Di tengah ramainya pembukaan Jakarta Illustration & Creative Arts Fair (JICAF) pada 18 September 2025 lalu, setumpuk poster musik menarik perhatian kami. Di antara ilustrator dengan gaya artistik khas masing-masing, ada sebuah booth yang menawarkan pengalaman visual yang berbeda—setiap karya seakan merupakan bentuk eksperimentasi artistik, menerjemahkan karya seni lain yang berada dalam lingkaran budaya pop masa kini: musik dan film. Djali, ilustrator di balik booth tersebut, membawa nuansa baru ke panggung JICAF 2025. Grafis Masa Kini berkesempatan untuk berkunjung ke kantor Pancaran Sinema, rumah produksi tempat Djali berkarya, untuk berbincang dengannya.
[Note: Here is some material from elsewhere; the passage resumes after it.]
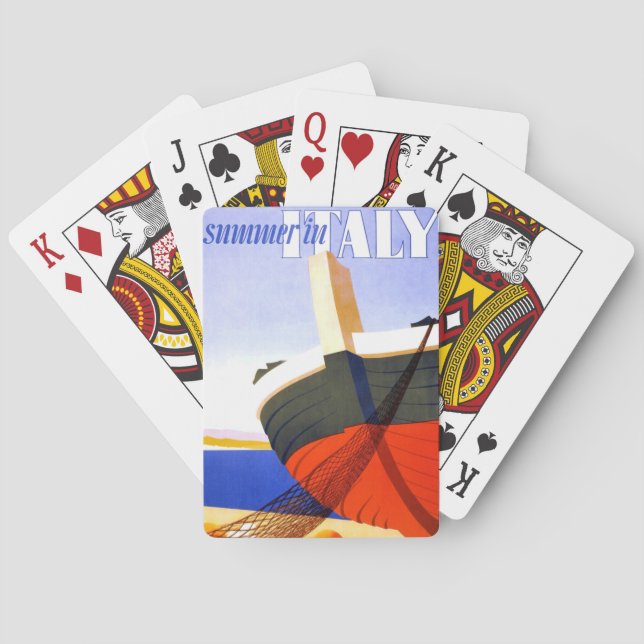 Summer in Italy Vintage Travel Playing Cards (Back)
Musik sedari dulu menjadi elemen penting dalam perjalanan artistik Djali. Kariernya sebagai desainer dan ilustrator dimulai dari iseng-iseng mengikuti lomba poster acara musik Thursday Noise. Setelah mengikutinya dari Vol. 6, Djali berhasil menang di Vol. 7. “Gara-gara itu, aku masuk ke musik. Pengalaman itu membuka koneksi ke dunia musik,” kenangnya. Sebelumnya, Djali memang sudah terlibat dalam kolektif musik dan ditugaskan untuk membuat poster-poster gig independen. Hingga kini, karya-karya Djali selalu terikat dengan musik.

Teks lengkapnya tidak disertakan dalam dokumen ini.